First, "at will" doesn't mean "for any reason at all." Second, there is potential breach of the employment contract.

Oracle lost a case around 2000 where they were forced to compensate someone wrongfully terminated for her unvested stock options. Other cases have been designed against the company on the grounds that firing someone just to screw them out of their options violated the implied covenant of good faith and fair dealing in the employment contract.

I think there is a colorable claim here. The law isn't as cut-and-dry as you're assuming.


Extortion is also illegal.


Extortion usually involves the use of illegal force, which I don't see here. I agree it's shady and possibly something that will get them in legal hot water. However, I doubt it is a crime any more than lying about your age on Myspace is fraud. At best I think here we are talking about contract law.


I'm not a lawyer, but reading on this, http://www.shouselaw.com/extortion.html#1, it's definitely not far fetched to consider what is being done by Zynga as extortion.

They're demanding an act from the employees under threat of personal/property injury (being fired). They would have been much better off simply firing them if they were underperforming. Sometimes voicing out the thought process is all that's required to make something extorsion.

Like if I say "I'm going to sue you if you don't X, Y or Z" can be considered extorsion. Whereas simply suing them isn't.


I don't know what the law says, but I don't think there's such a thing as illegal force. The extortion itself is illegal, not the force used.


> You realize your employer can perfectly legally just fire you and you will not vest any shares at all, right?

I'm not so sure that's true. Zynga is headquartered in San Francisco and is subject to California's employment laws. I may not be an expert on California's laws regarding at-will employment, but I sat on a jury for a wrongful termination lawsuit and "at-will" never came up. I would assume any lawyer worth his salt would bring that up in the company's defense if it was valid. Does anyone know what California's laws are regarding at-will employment?

Edit: After Googling around for a bit, my impression is that California is an at-will employment state without many exceptions (basically can't fire someone out of discrimination).

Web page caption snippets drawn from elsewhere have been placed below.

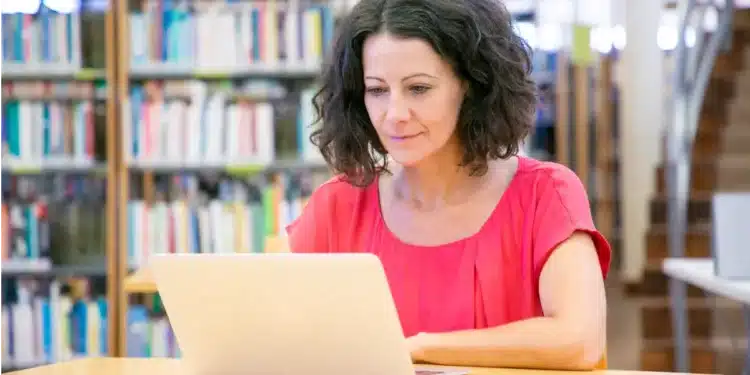 Professora acompanha aula online em biblioteca com livros ao fundo.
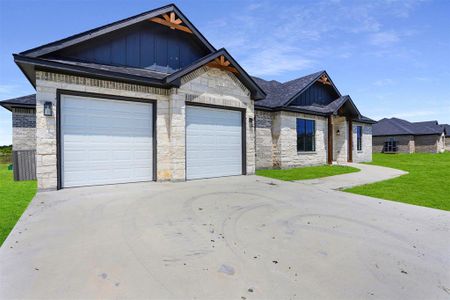 Craftsman inspired home featuring a garage and a front lawn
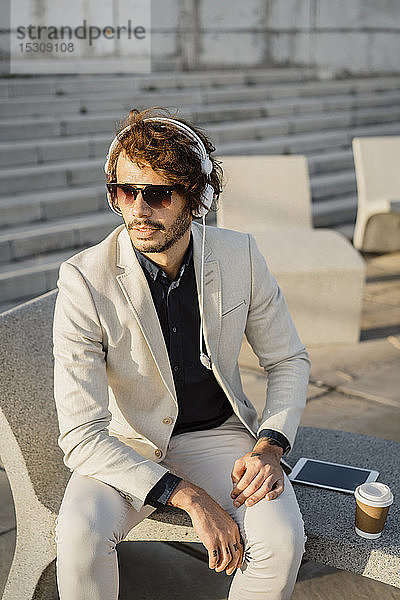 Porträt eines Geschäftsmannes mit Kopfhörer und Sonnenbrille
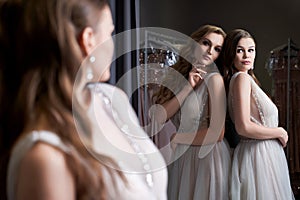 Two young beautiful girls wearing a full-length silver white chiffon prom ball gowns decorated with sparkles and sequins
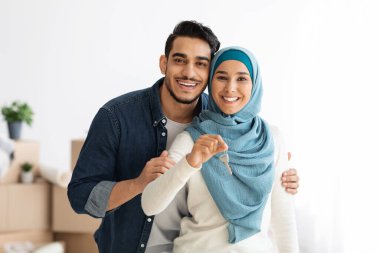 Mutlu Arap ailesi kucaklaşıyor ve dairenin anahtarını gösteriyor.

Virtually every state but Montana is at-will (Montana requires "good cause" after probationary periods expire). In no state can you fire someone because of race, sex, national origin, religion, age, or disability.


Any idea what the justification is for at-will employment? My visceral reaction is that it seems unfair. I like Montana's idea of a probationary period. But I'd like to understand the intellectual justification.


The justification for at-will is that without it, hiring anyone is so risky that companies will avoid doing it.

I strongly support, for instance, laws making it straightforward for people to sue for discrimination and sexual harassment. But after 15+ years in this industry, it is impossible for me to deny that discrimination and harassment claims are routinely abused by deadweight chaff employees to extract settlements from employers when they're terminated, or, worse, to keep their jobs and continue inflicting themselves on their teams.

Discrimination and harassment are two narrowly defined public policy exceptions to the rule of at-will employment, and by themselves they already create a huge amount of pointless† risk. Imagine if instead of narrowly defined exceptions, employees could evaluate every performance, compensation, and staffing decision a company made, and then litigate over them. Welcome to the United States Postal Service.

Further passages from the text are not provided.